Psalm 90 is attributed to Moses, and is a prayer for the people of Israel to learn the eternal nature of God, as well as the frailty of man. Time is a major theme in this Psalm, contrasting God’s endless, expansive existence with man’s blink-of-an-eye lifespan. Moses says to God, “A thousand years in your sight are like a day that has just gone by, or like a watch in the night.”
When we are young, a long, full life may seem like an eternity, but as we grow older the years begin to fly, and we start to understand the Psalm’s message – instructing us to live a purposeful life in harmony with God, making full use of our time on Earth.
Isaac Watts’ beautiful paraphrasing of Psalm 90 is the beloved Hymn 680, “O God, our help in ages past.” Having sung this hymn several times a year for the past three decades, I sometimes neglect to contemplate the deeper meaning of the text:
“A thousand ages in thy sight are like an evening gone; short as the watch that ends the night before the rising sun.
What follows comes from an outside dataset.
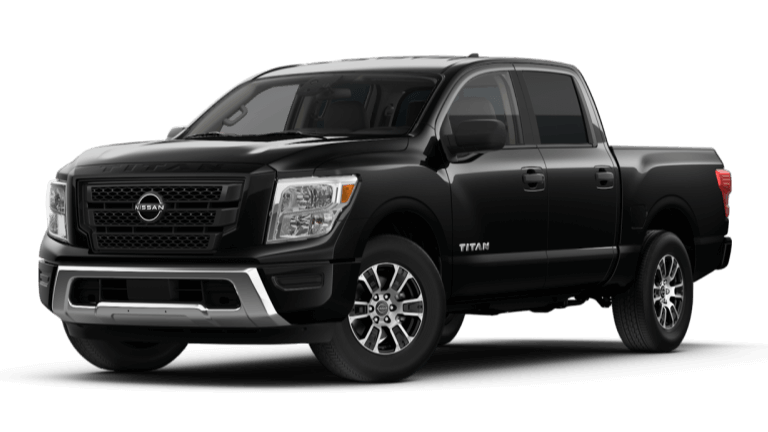 2023 Nissan TITAN SV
Time, like an ever-rolling stream, bears all our years away; they fly, forgotten as a dream dies at the opening day.”
Psalm 90 ends with hope for us all: “May the favor of the Lord our God rest on us; establish the work of our hands for us – yes, establish the work of our hands.” Though our days may be few in comparison to God’s, our works can be brought into alignment with Him, giving us a glimpse of eternity.